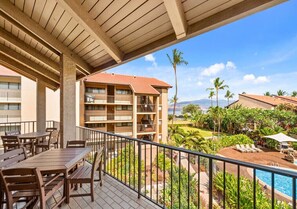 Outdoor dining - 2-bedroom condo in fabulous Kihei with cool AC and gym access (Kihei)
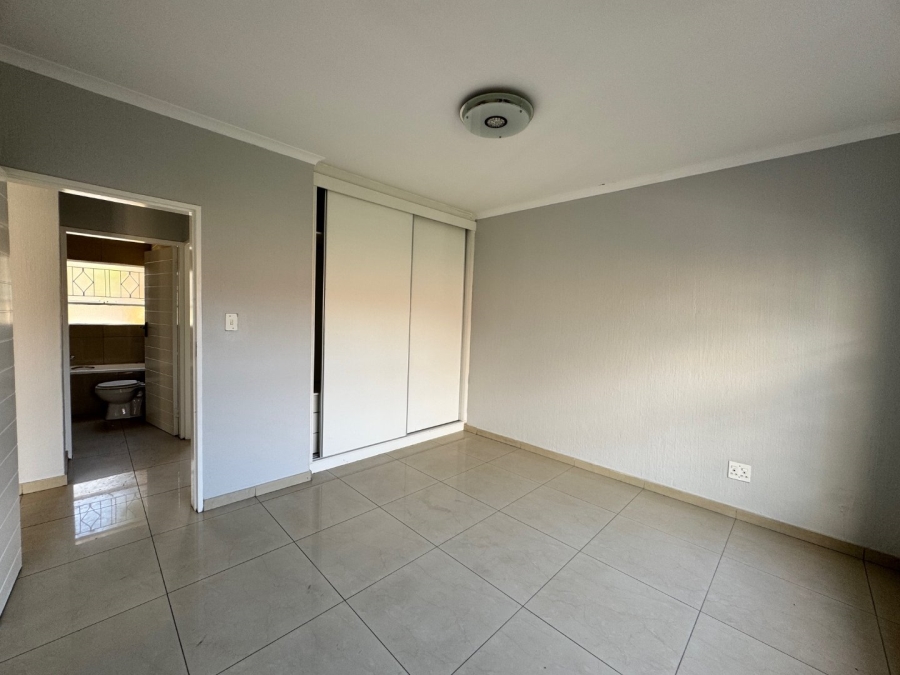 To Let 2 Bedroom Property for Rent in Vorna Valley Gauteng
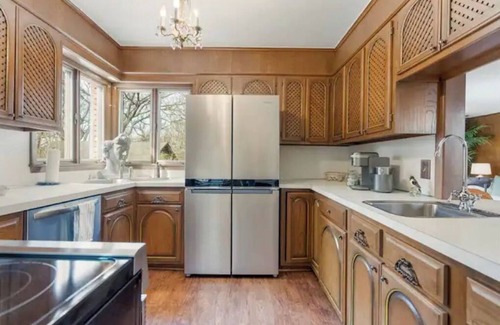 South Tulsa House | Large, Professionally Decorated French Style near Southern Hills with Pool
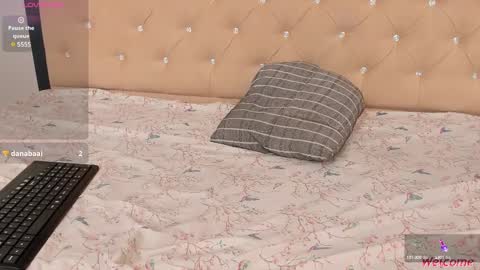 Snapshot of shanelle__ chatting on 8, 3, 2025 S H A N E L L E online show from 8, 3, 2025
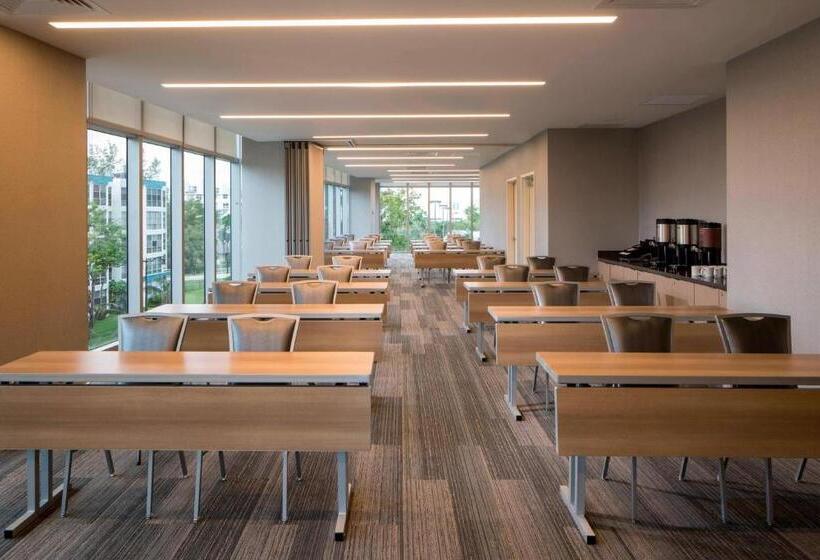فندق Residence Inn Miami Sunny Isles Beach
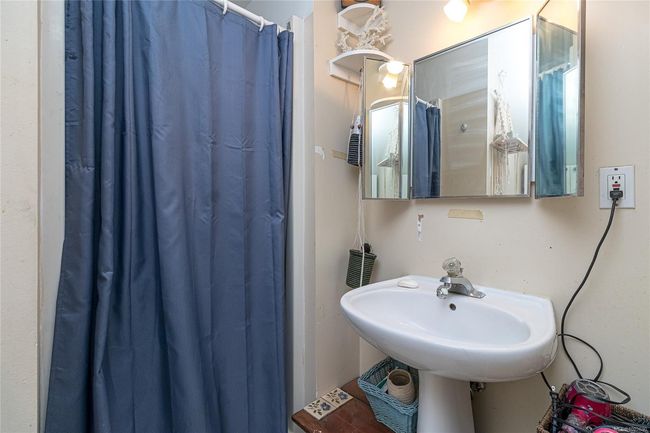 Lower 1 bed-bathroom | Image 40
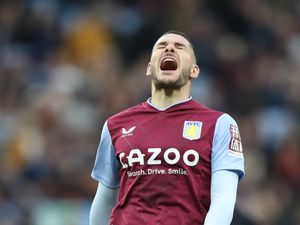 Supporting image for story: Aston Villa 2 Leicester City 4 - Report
• • • •
§ **WHAT YOU WILL DO**
Give back the entries verbatim. Do not include any picture.

§ **TASK RESPONSE**
 Outdoor dining - 2-bedroom condo in fabulous Kihei with cool AC and gym access (Kihei)
 To Let 2 Bedroom Property for Rent in Vorna Valley Gauteng
 South Tulsa House | Large, Professionally Decorated French Style near Southern Hills with Pool
 Snapshot of shanelle__ chatting on 8, 3, 2025 S H A N E L L E online show from 8, 3, 2025
فندق Residence Inn Miami Sunny Isles Beach
 Lower 1 bed-bathroom | Image 40
 Supporting image for story: Aston Villa 2 Leicester City 4 - Report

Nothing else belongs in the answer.